# Given records

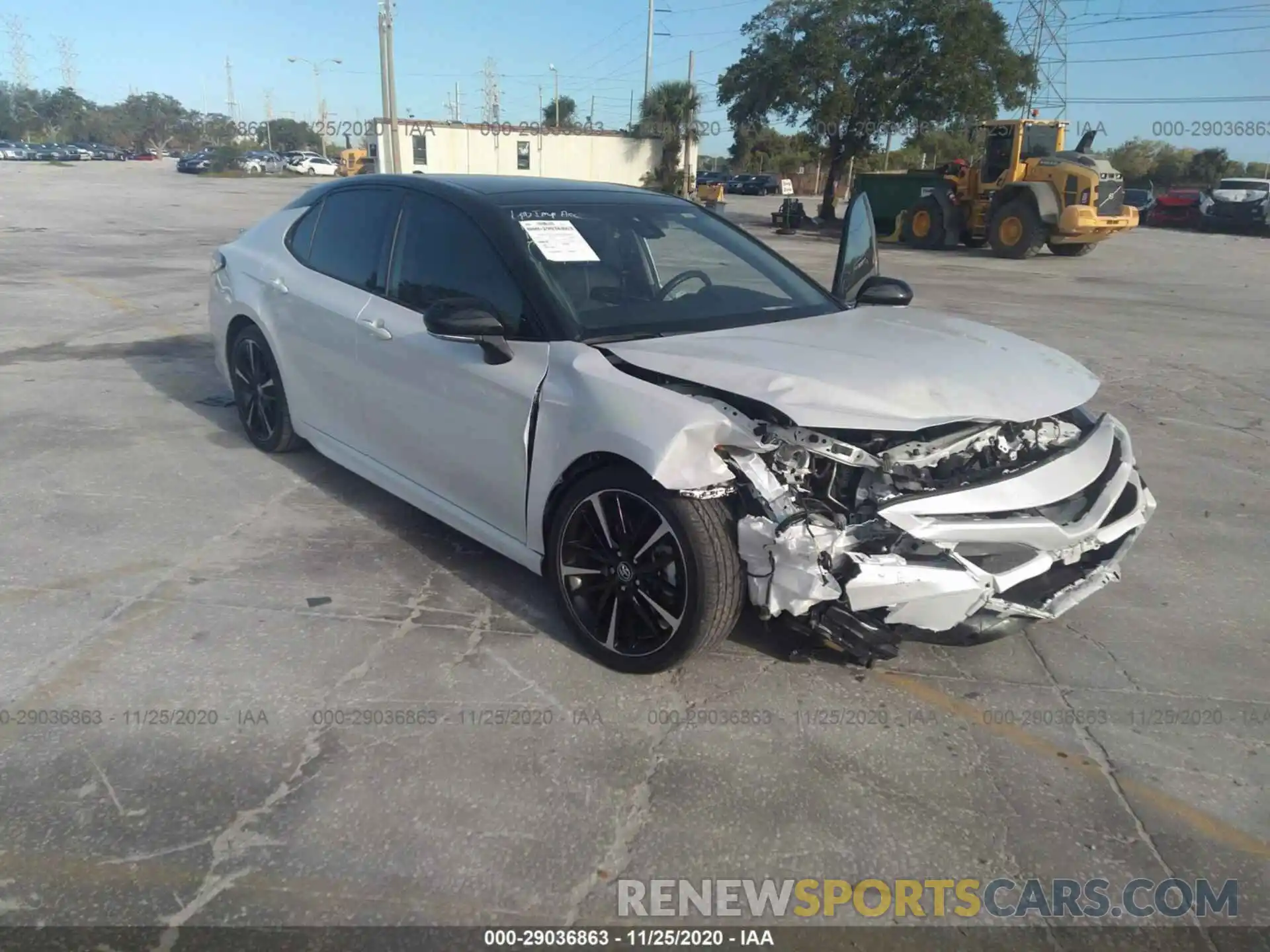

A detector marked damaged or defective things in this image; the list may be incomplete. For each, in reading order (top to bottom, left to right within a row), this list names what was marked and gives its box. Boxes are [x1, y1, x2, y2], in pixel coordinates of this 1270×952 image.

crumpled hood [1212, 189, 1270, 204]
damaged white sedan [206, 175, 1154, 674]
crumpled hood [606, 307, 1101, 428]
crushed front bumper [736, 410, 1159, 640]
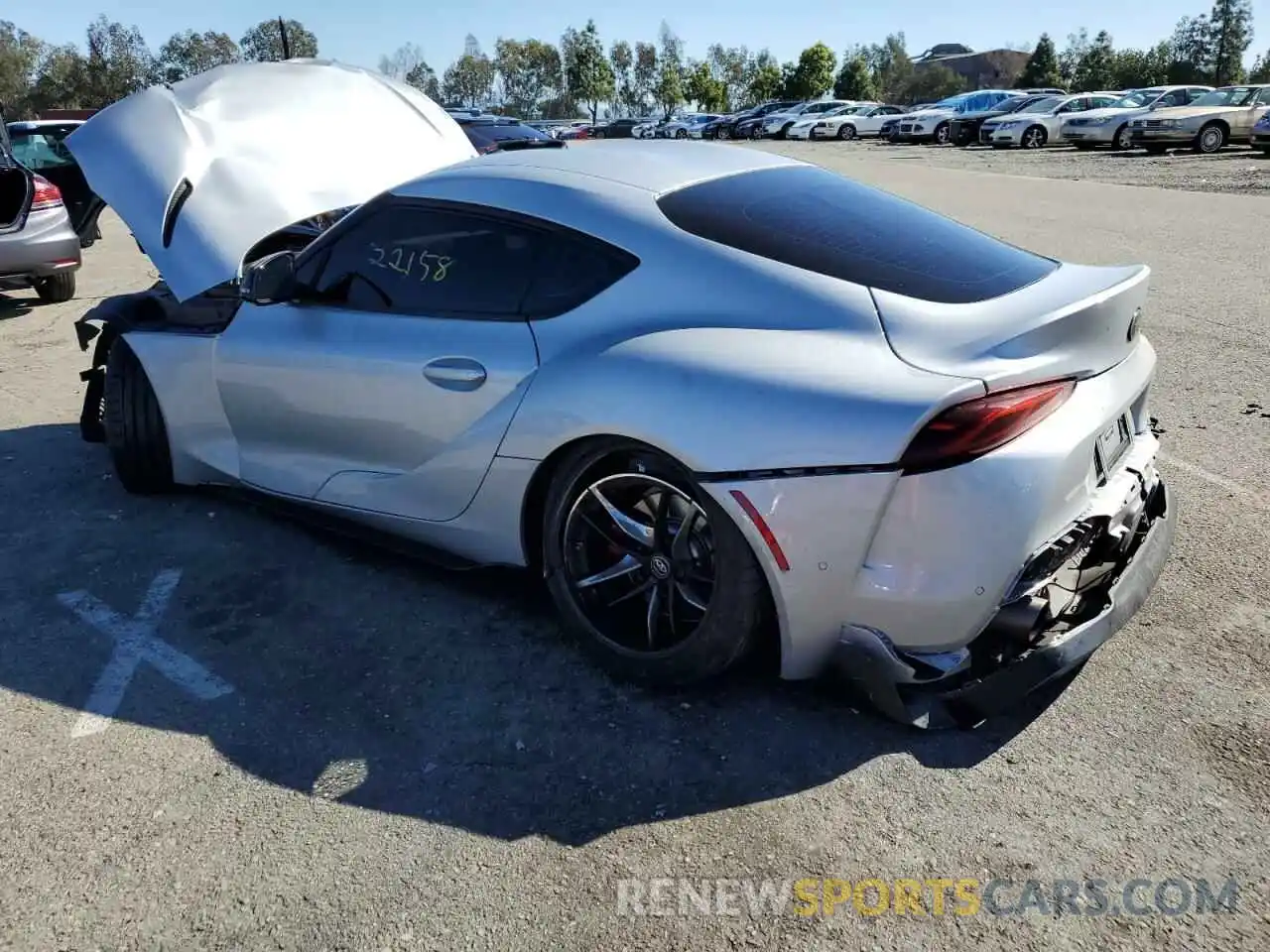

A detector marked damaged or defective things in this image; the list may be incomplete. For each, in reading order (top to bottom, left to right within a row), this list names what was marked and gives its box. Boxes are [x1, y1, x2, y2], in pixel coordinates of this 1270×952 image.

damaged toyota supra [62, 60, 1175, 730]
damaged rear bumper [837, 476, 1175, 730]
crumpled front bumper [833, 476, 1183, 730]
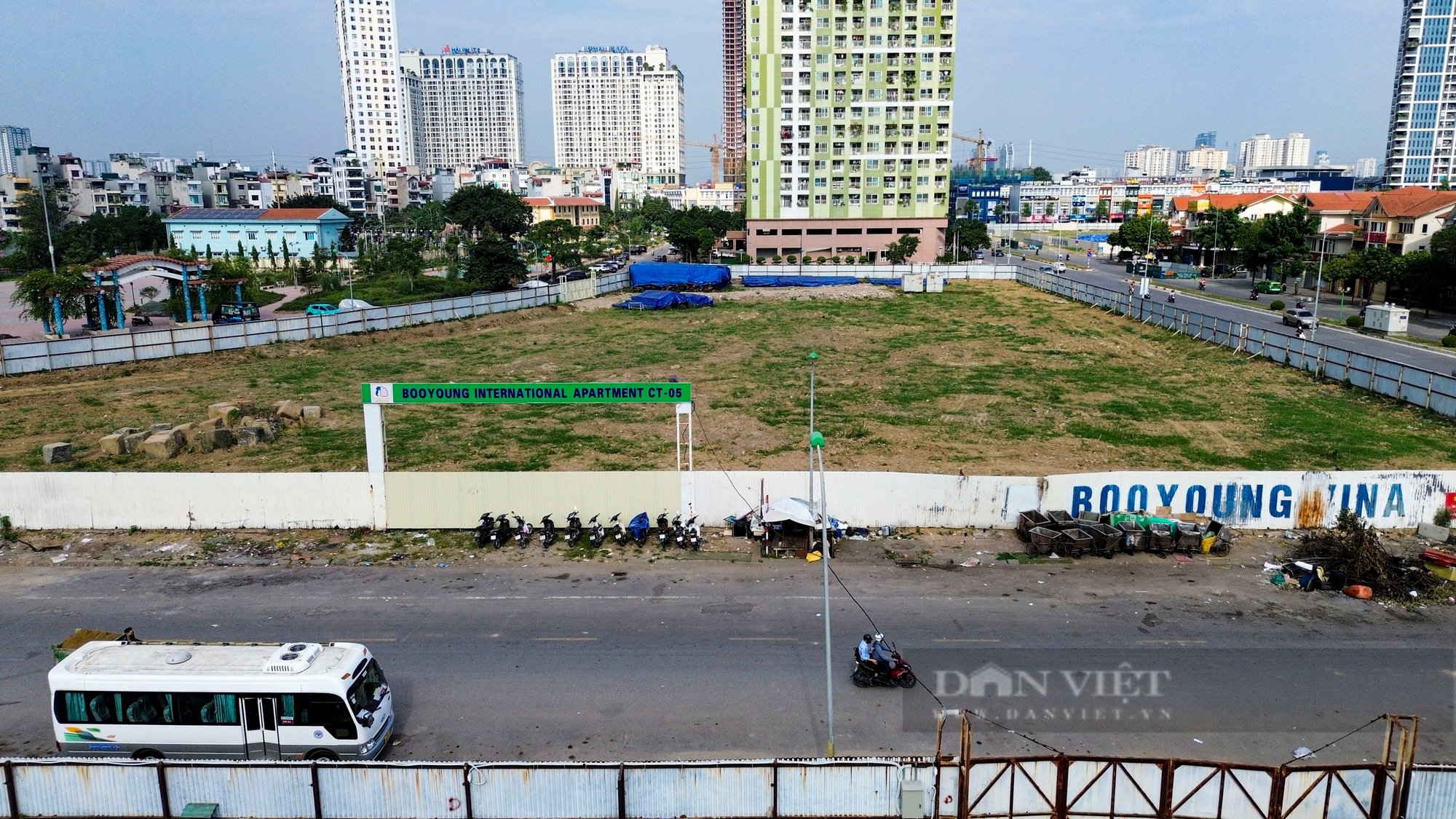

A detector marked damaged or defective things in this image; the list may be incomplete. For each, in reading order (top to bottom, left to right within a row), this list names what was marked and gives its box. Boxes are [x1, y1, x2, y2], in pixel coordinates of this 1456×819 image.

rusty metal fence [0, 271, 632, 379]
rusty metal fence [1019, 269, 1456, 419]
broken concrete slab [41, 443, 72, 463]
broken concrete slab [141, 431, 179, 454]
rusty metal fence [2, 751, 1444, 815]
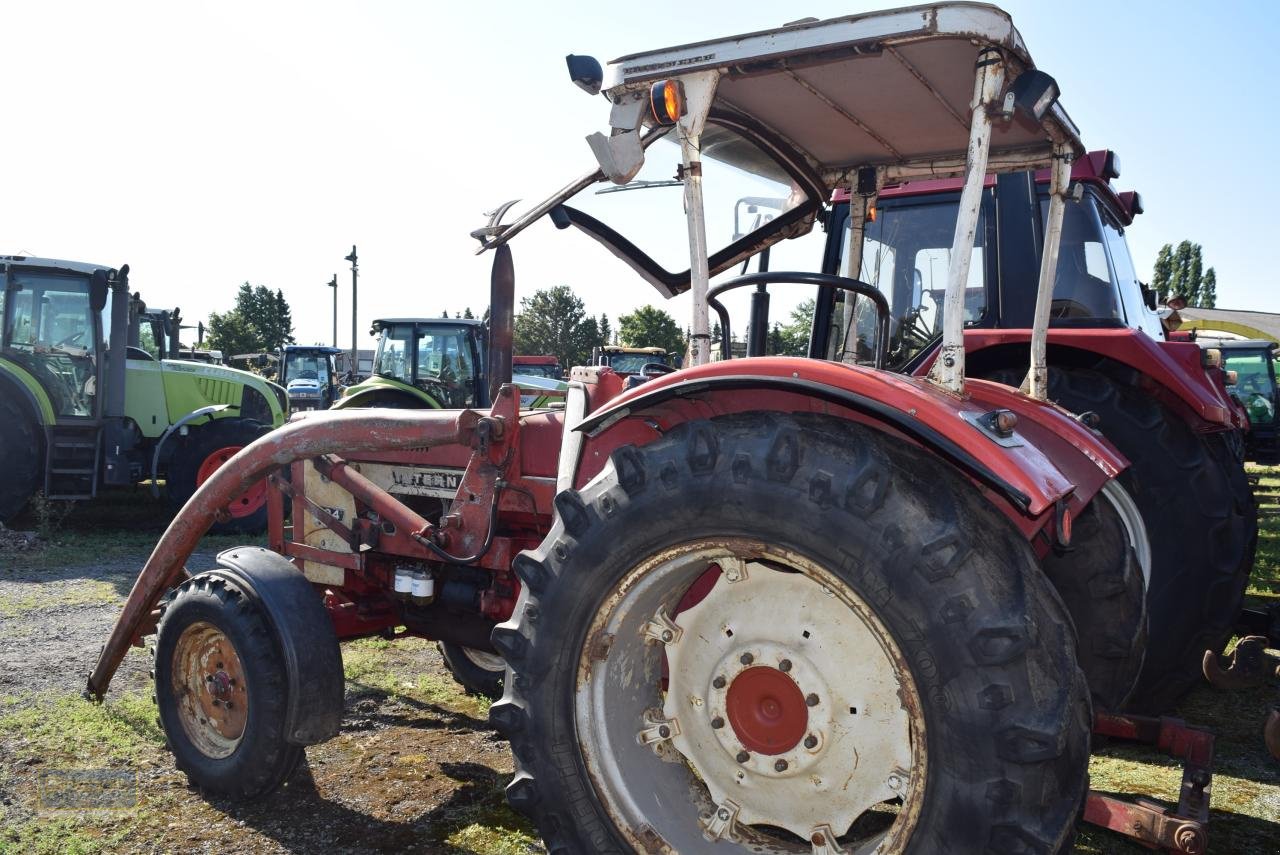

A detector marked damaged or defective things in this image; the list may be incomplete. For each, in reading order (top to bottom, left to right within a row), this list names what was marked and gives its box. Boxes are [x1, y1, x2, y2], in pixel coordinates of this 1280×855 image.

rust on metal [85, 407, 481, 701]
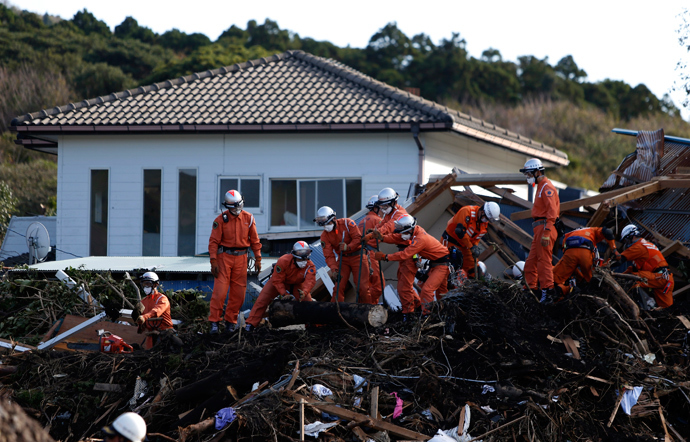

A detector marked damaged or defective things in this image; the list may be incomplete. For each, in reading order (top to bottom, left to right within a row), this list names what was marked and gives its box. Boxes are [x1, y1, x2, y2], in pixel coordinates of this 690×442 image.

broken plank [290, 394, 430, 438]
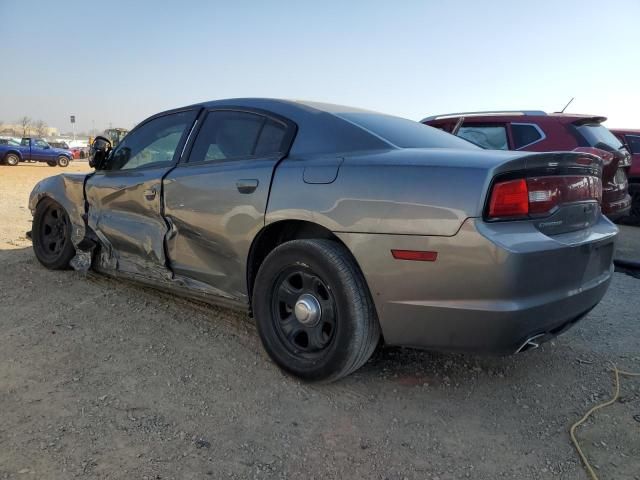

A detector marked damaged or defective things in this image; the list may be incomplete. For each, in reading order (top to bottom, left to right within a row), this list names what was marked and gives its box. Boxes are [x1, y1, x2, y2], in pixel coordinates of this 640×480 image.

damaged car door [85, 107, 199, 276]
damaged car door [162, 109, 292, 304]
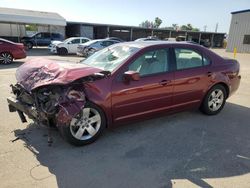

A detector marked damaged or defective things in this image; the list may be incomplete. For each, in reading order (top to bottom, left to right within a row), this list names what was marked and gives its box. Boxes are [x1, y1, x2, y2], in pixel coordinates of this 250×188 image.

damaged hood [15, 58, 103, 92]
damaged red sedan [7, 42, 241, 145]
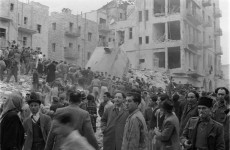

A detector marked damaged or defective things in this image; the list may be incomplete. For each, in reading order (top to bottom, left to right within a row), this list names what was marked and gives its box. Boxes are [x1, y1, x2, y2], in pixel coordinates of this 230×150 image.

damaged building [116, 0, 222, 91]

# What to work on
Repeat each line word for word, from the one with "this 250×188 image." down to the last line of the data, and keep the pictures out of it.

# Solution below
A detector marked damaged or defective things in this image; the list may be incomplete. For each, in reading order (top to bottom, left to right within a row), this list names what was marked and gives its box. Boxes are [x1, y1, x2, y2], in pixel coordinates of this 250×188 image.

damaged hood [15, 58, 103, 92]
damaged red sedan [7, 42, 241, 145]

A detector marked damaged or defective things in this image; the list may be incomplete. For each, in reading order (top to bottom, left to right within a row), this list names what was marked and gives its box. Boxes are [x1, y1, x2, y2], in pixel coordinates of this 230×150 image.

damaged building [116, 0, 222, 91]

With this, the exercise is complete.